Jackson's recent surge actually began in 2009, when advocates such as another Elvis (Costello) and Bruce Springsteen facilitated her induction into the Rock and Roll Hall of Fame. Jack White, who'd produced Loretta Lynn's Grammy Award-winning Van Lear Rose five years earlier, asked Jackson to record a vinyl single for his Third Man label (motto: "Your turntable is not dead"). On one side, Jackson purred and shrieked her way through the rock 'n' roll evergreen "Shakin' All Over," a driving highlight of the duo's live shows; on the other, she found a perfect contemporary vehicle in British bad girl Amy Winehouse's hit, "You Know I'm No Good."

But Jackson was always "good," even when she rocked. Her mother made the sexy short skirts and fringed shirts she wore onstage, and her father was both her manager and chaperone. A glamorous, sexy girl able to hold her own on tour with Elvis and Jerry Lee Lewis, she's also a devout Christian whose 50-album discography contains many releases of a sacred nature. White suggested that she record the Louvin Brothers' "Dust on the Bible," which turned out to be a song even Brooklyn's hippest audience could get into.

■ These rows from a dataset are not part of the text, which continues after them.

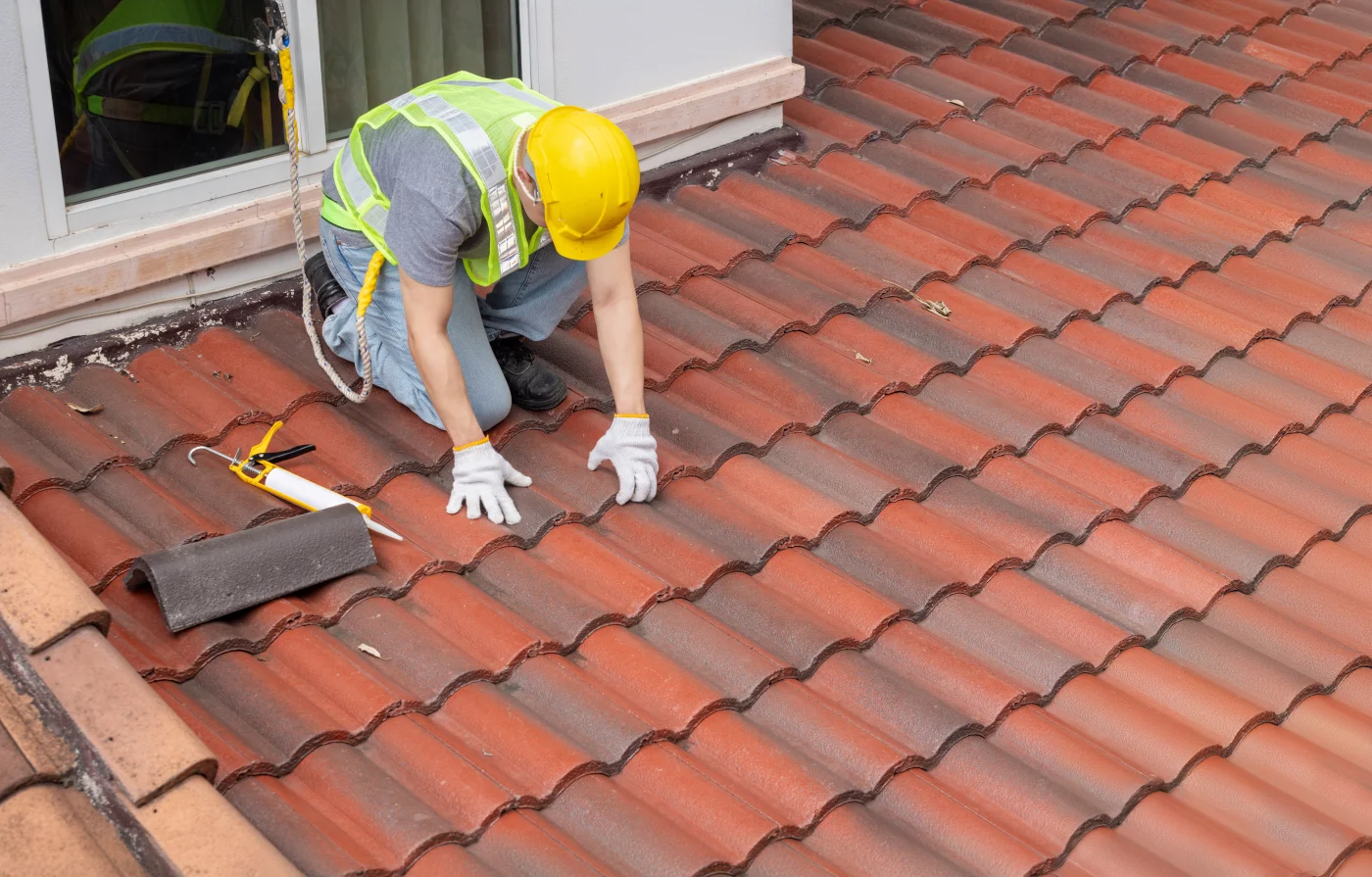 Close-up image of a man holding roof tiles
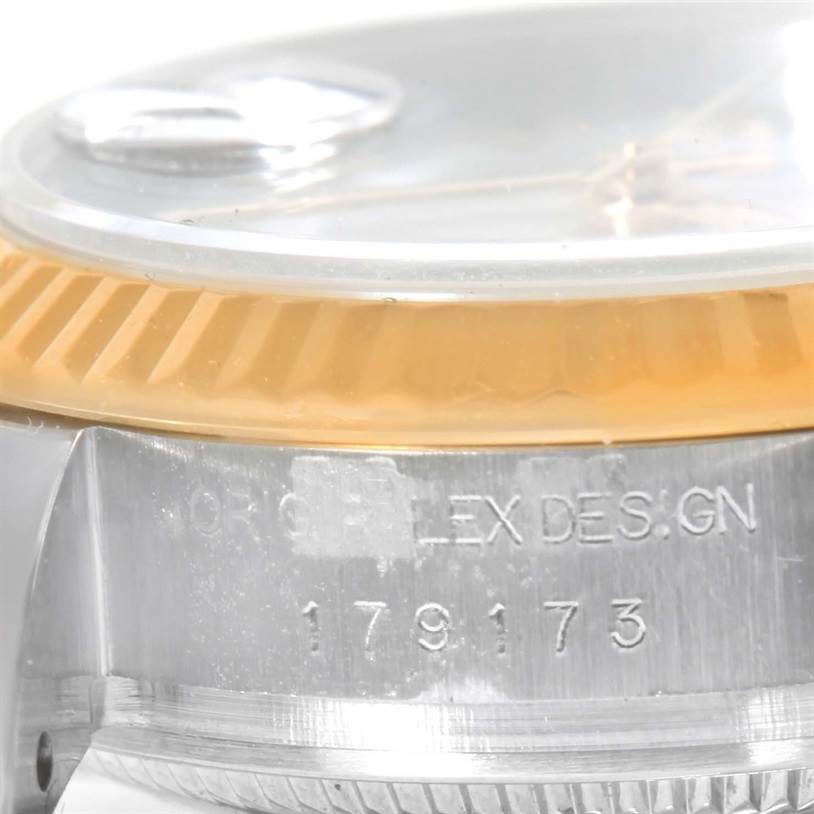 This image shows a close-up of the side view of a Rolex Datejust 179173 Women's Steel and Gold (two tone) White Dial 179173 Women's Steel and Gold (two tone) White Dial watch, focusing on the case and partially visible bezel.
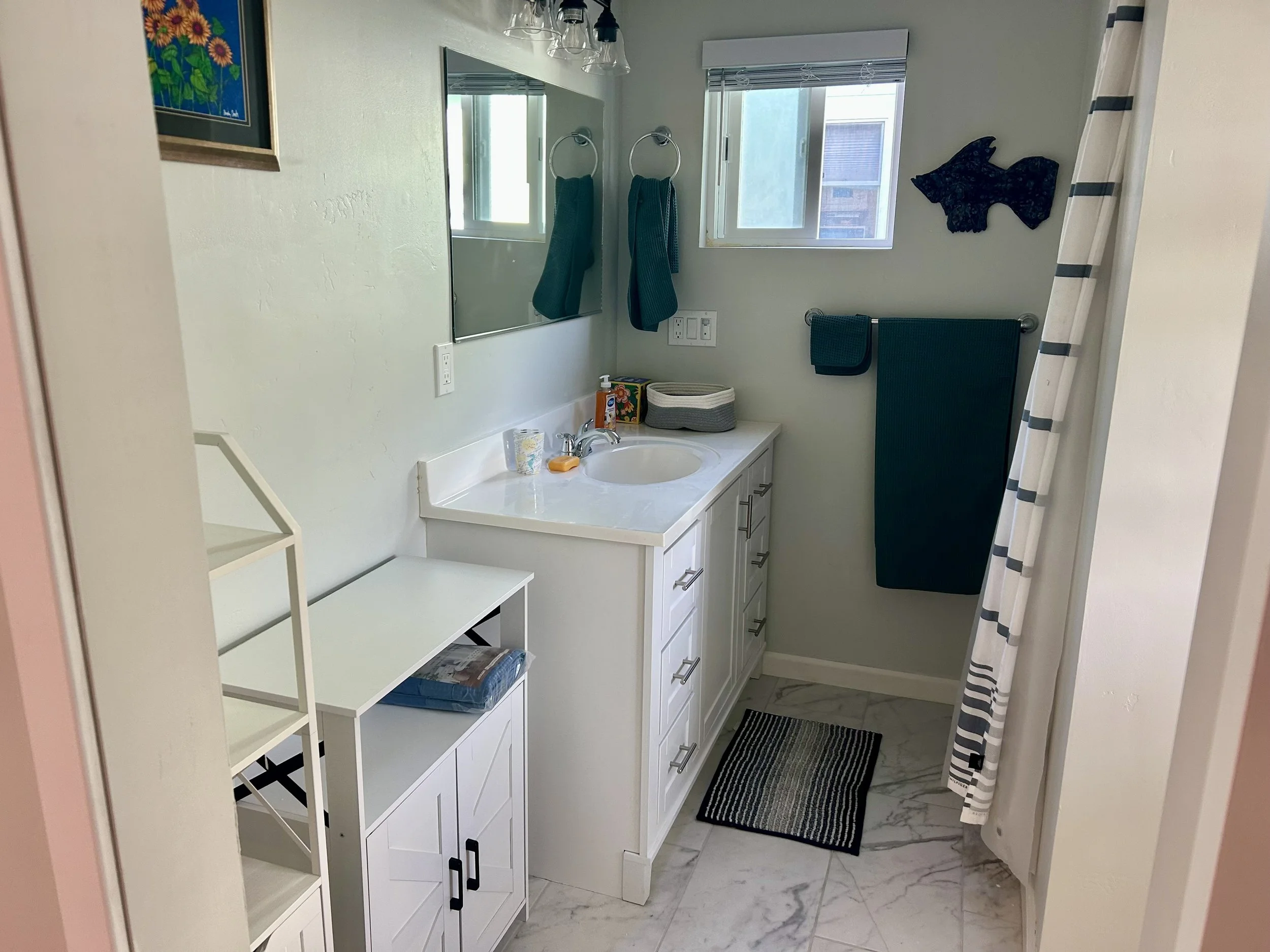 A bathroom with a white vanity cabinet, a mirror, and bathroom essentials.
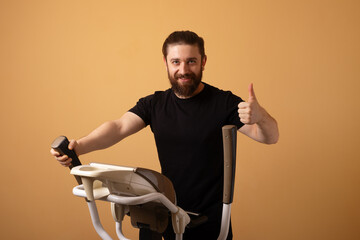 Smiling man in black shirt using elliptical machine and showing thumbs up, isolated on beige background, promoting healthy lifestyle and fitness.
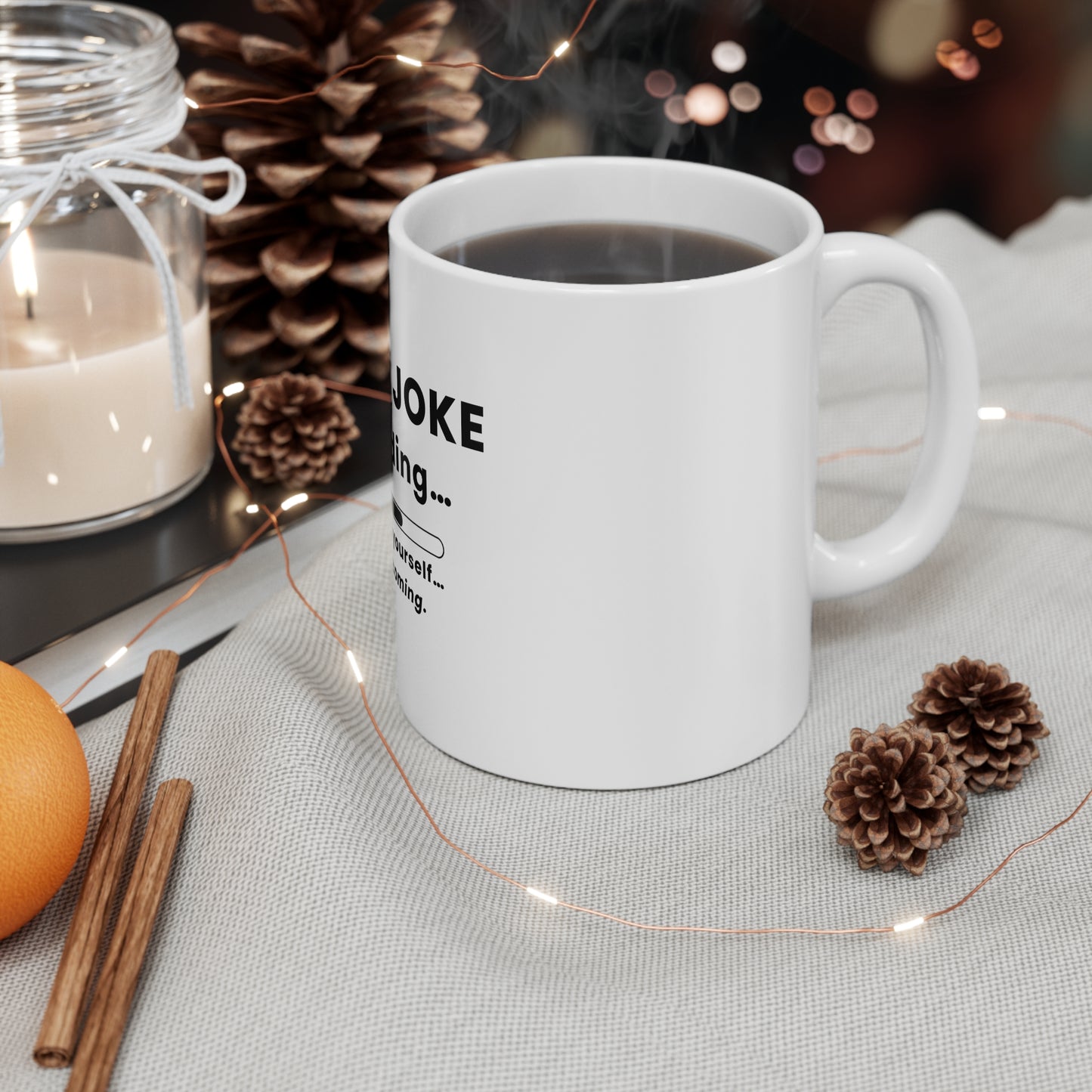 White mug with a design on a table with candles, oranges, and pine cones.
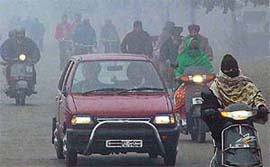Dense fog forces vehicles to move at a snail�s pace in Chandigarh on Monday morning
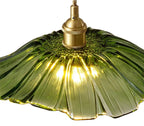 Green lampshade with gold fixture on a white background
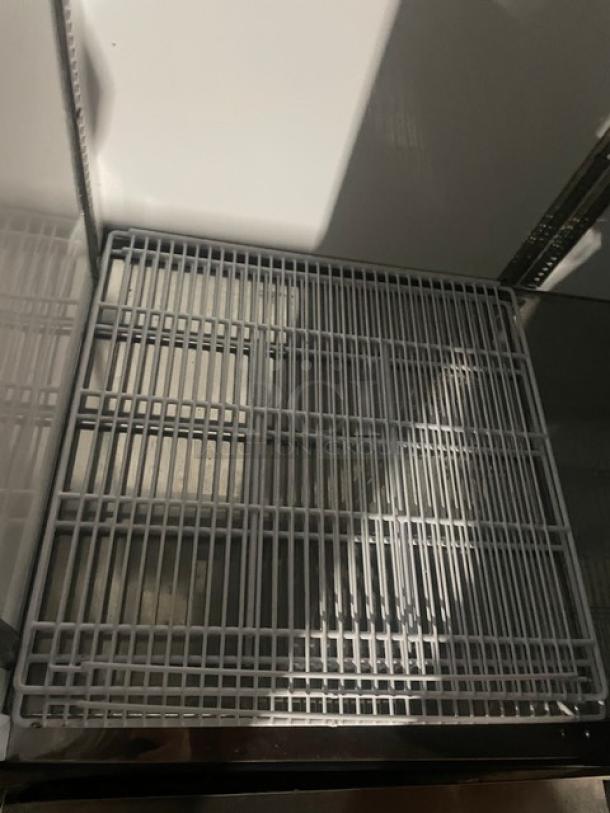 Beverage-Air KF48-1AS commercial freezer interior showing poly coated wire rack, stainless steel build, mint condition.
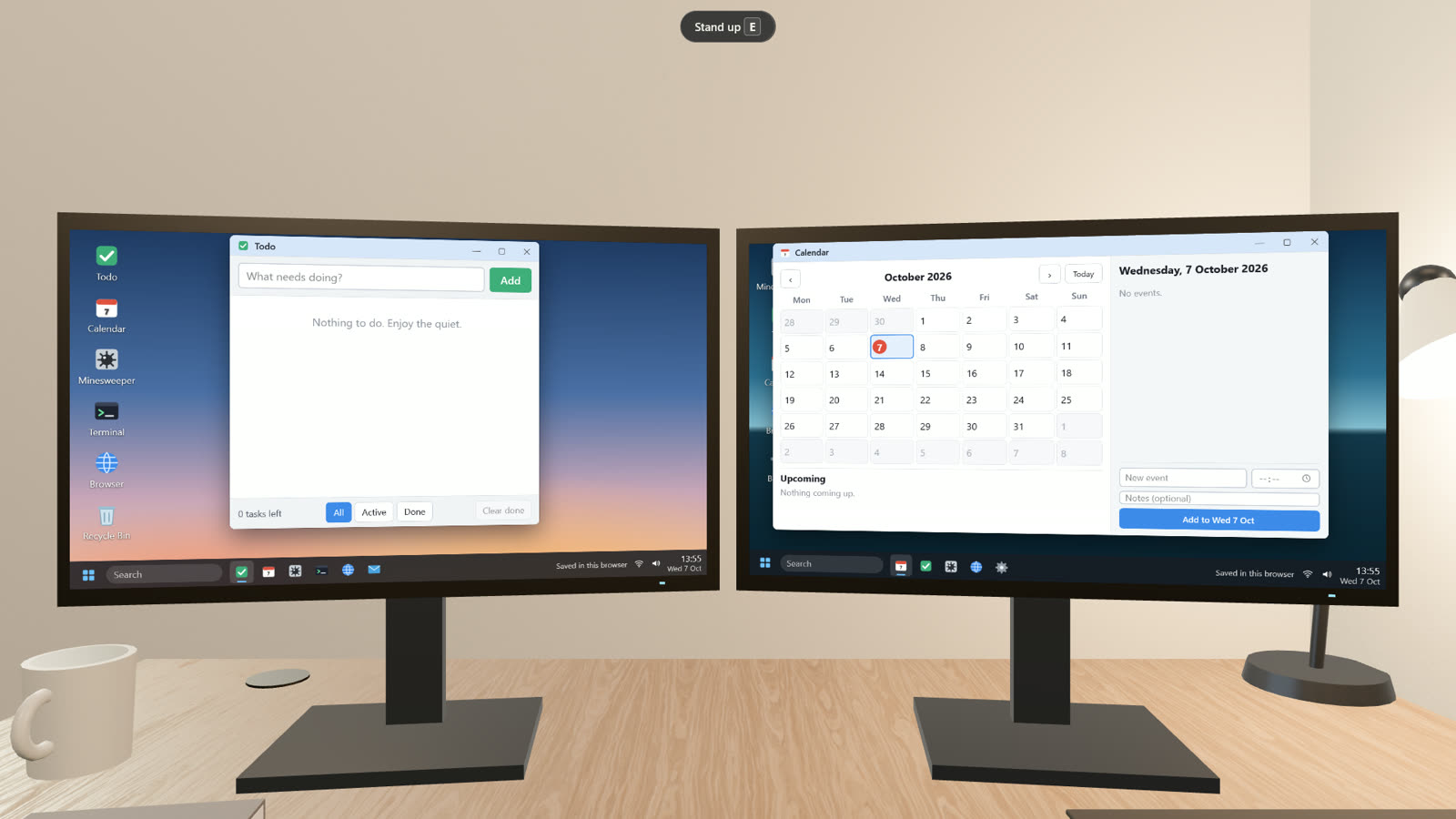 At home, the two-monitor desk runs live desktop apps.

A recent documentary about Jackson is titled The Sweet Lady With the Nasty Voice, which just about sums her up — except maybe for the "sweet lady" part, she has noted. OK then, try "an atomic fireball of a lady," which is how Bob Dylan has described her. In person, White played the rambunctious pup to Jackson's maternal dignity. The band, dressed in matching vintage suits, was loud and loose. Jackson belted out "Funnel of Love," "Mean Mean Man" and her country hit "Right or Wrong" as though they'd been written yesterday. Following an encore, Jackson's husband of some 40 years escorted her slowly up a short flight of stairs while the crowd screamed for more.

But Elvis' former girlfriend had left the building.